In garbage-collected languages like Java and Go, this does not happen in idiomatic code. As long as Thread 1 still holds oldHead in a local variable, the GC keeps the original X alive, and the allocator cannot put a different node at X's address. The CAS then sees a different pointer when Thread 2 has changed the head, fails correctly, and the loop retries.

In C and C++, the protection has to be added on purpose. The standard tools are tagged pointers (pack a version counter into the pointer's unused bits), hazard pointers (each thread publishes the pointers it is about to use), and epoch-based reclamation (delay every free until all threads have moved past the freeing epoch). Each adds real complexity. There is a separate lesson on the ABA problem that goes into all three.

Memory reclamation

After a pop succeeds, can the node be freed immediately?

In a GC language, yes. The GC will free it whenever no thread is holding a reference. The implementation does not need to think about this.

In C or C++, the answer is no. Another thread could still be holding the popped node's address from before the CAS, with an oldHead local variable that has not been touched yet. Freeing the node now risks a use-after-free in that other thread.
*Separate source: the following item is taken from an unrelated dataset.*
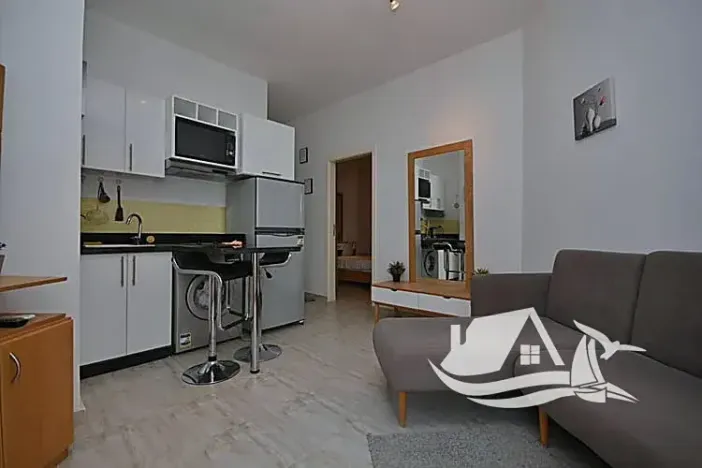 Prodej bytu 2+kk, Hurghada, Egypt, 41 m2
Three standard solutions, in increasing order of complexity:

• Hazard pointers. Each thread publishes the pointers it is about to dereference. Before freeing a node, the freer scans every thread's hazard list. If anyone has the node listed, the free is deferred.
• Epoch-based reclamation. A global epoch counter. Each thread reads the current epoch when it enters a critical section. Freed nodes wait in a quarantine bucket until every thread has advanced past the epoch in which they were freed. Used by Linux's RCU and Rust's crossbeam.
• Reference counting. Each node has an atomic counter. Increment on read, decrement on done, free at zero. Simple to reason about, slow under contention because every reader writes to the same counter.

Each one is a research topic on its own. For production C++ code, the right answer is to use a library (folly, libcds) instead of writing a custom one.

When to use a Treiber stack

Honestly, rarely.

For most "give me a stack" cases, a mutex-protected std::stack or equivalent is simpler and often faster than the lock-free version. Cache-line contention on the single head pointer makes the Treiber stack scale poorly when many threads push or pop concurrently. For high-throughput cases, an object pool, a sync.Pool-style reuse cache, or a vetted bounded queue from a library is almost always a better choice.

The Treiber stack is valuable as a teaching tool, not a building block. It illustrates the shape every lock-free algorithm shares (a CAS retry loop), the canonical hazard of pointer-based lock-free code (ABA), and the hardest part of doing this without a GC (memory reclamation).

The three things worth carrying forward from studying it:

1. The CAS retry loop is the building block of nearly every lock-free algorithm.
2. ABA is the canonical hazard of pointer-based lock-free code without a garbage collector.
3. Memory reclamation is usually harder than the algorithm itself. In GC languages, it is free. In C and C++, it is most of the implementation work.

Understanding the Treiber stack is what unlocks the literature on Michael-Scott queues, hazard pointers, RCU, and lock-free hash maps. All of them are variations on the same three themes.